Reverend Matt Tittle is a retired UU parish minister who now does this and that for UU organizations and individuals, mostly in Texas. We share a lot on Facebook, where he posted this reflection:
Here is my two cents on the new UUA logo. Artistically and aesthetically, I’m not a fan, but that is neither here nor there. I understand and support branding and marketing in religion, as long as it comes with a theological and relational foundation. But I only see a promise that that foundation will be rolled out based on popular opinion about “who we are, what we do, and why it matters.” At least that’s what is currently on the homepage of UUA.org. Any other more deeply buried official explanation is simply a reinforcement of our verbosity and insider culture, neither of which are good marketing or religion. For now–just a logo. We shouldn’t be surprised that it’s going to rile people up. It’s an empty container. We don’t yet know what the UUA plans to put into the container. Nor does the container have a label, so no one will be able to tell what’s in it once it’s there.

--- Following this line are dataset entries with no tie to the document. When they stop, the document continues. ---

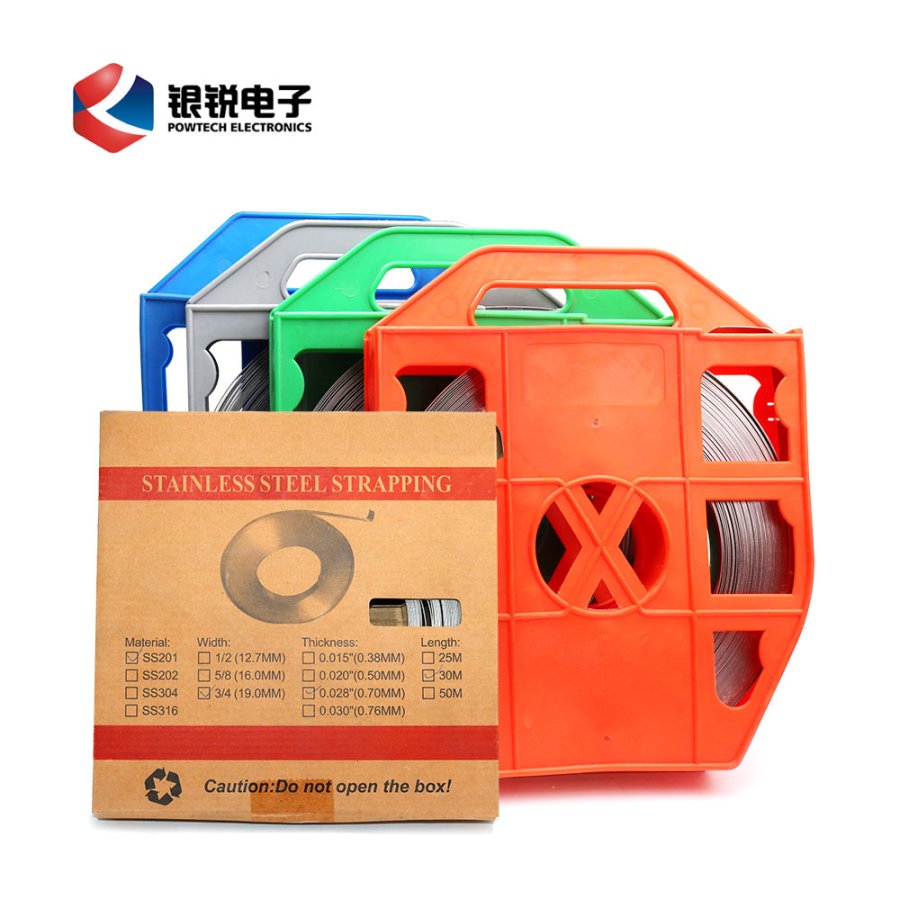 Banda de acero inoxidable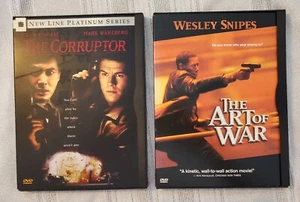 2 DVDs The Art of War Wesley Snipes The Corruptor Mark Wahlberg PreOwned LN - Imagen 1 de 2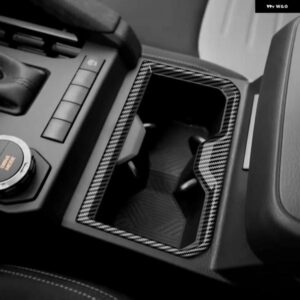 トヨタ タコマ 2024 カーボンプリント インテリア フロント リア ウォーターカップ ホルダー カバー トリム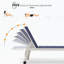 Chaise longue d'extérieur en métal avec table-88989322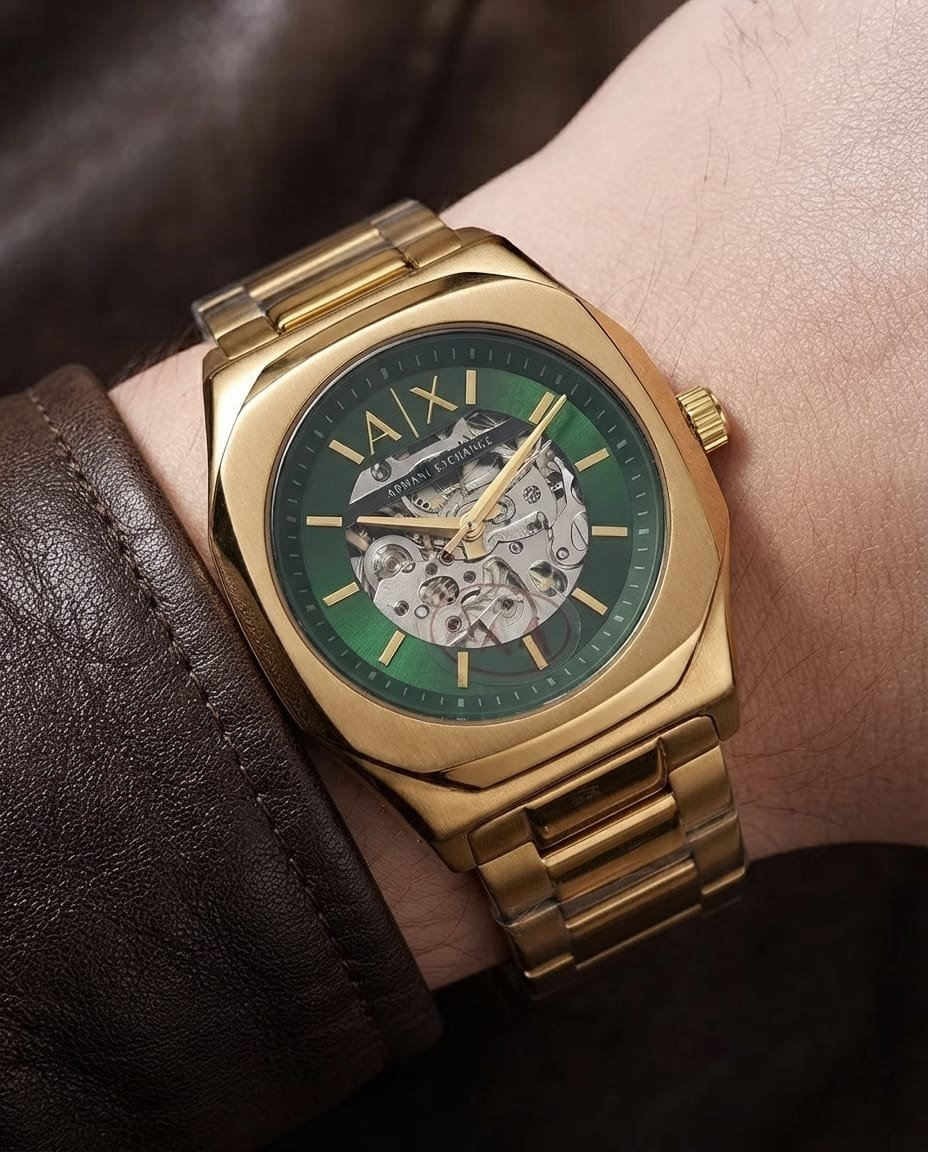 Armann_i Exchange Ax2418 Hampton Automatic gold green - Image 2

This all would have been more effective if rolled out at the UUA General Assembly, with in-person explanation and discussion of its foundation, importance, and potential impact. I’m guessing this partial rollout was designed to coincide with the UUA headquarters moving across town. But the congregations don’t really care about that move. In my experience, what the rank and file members of our congregations constantly struggle with is how to share the good news of UUism, let alone what to share. This logo, by itself, won’t solve that. An explanation of the strategy to attract the “nones” (not a very viable strategy in my opinion, but that’s another post altogether) will not solve that because it’s like getting converted vegans to return to the life of an omnivore. Even answers to the questions of who we are, what we do, and why it matters won’t solve that.
For better or worse, we are congregationalists. Our congregations have a strong and accurate belief that the UUA headquarters can’t tell them what to do, and a mistaken belief that the same headquarters is trying to do just that. The UUA needs to work on how to overcome the latter. If this new branding is an attempt to overcome that mistaken belief, I don’t think it’s very effective, and is probably counterproductive.
I propose three different questions for the UUA:
1) What is the theological foundation of Unitarian Universalism?
2) How has it transformed and evolved over time (which it must if we believe that revelation is continuous)?
3) How do we communicate our good news both to our congregations and to the broader communities surrounding them?
I also propose that these questions don’t have specific answers, but that they spark additional and continuous conversation and revelation.
I think of the current taglines of Scientology and the United Church of Christ. Strange bedfellows, to be sure, but both of which have done a better job than the UUA in spreading their good news. Scientology has “spiritual technology.” Huh? Exactly! This simple tagline evokes the question, “What does that mean?” I expect they are trying to appeal primarily to millennials for whom both of these words have deep meaning. The UCC tagline is “God is still speaking.” A declaration which probably appeals to a wider demographic, but which evokes the equally salient question, “What is God saying?” The real genius here lies in the dual reality that each person needs to decide that for themselves, and that it expresses the theology of continuous revelation.
What is our evocative tagline? What grounds the new logo? What good news will come from this most recent attempt to explain ourselves and to create a “just and loving community?”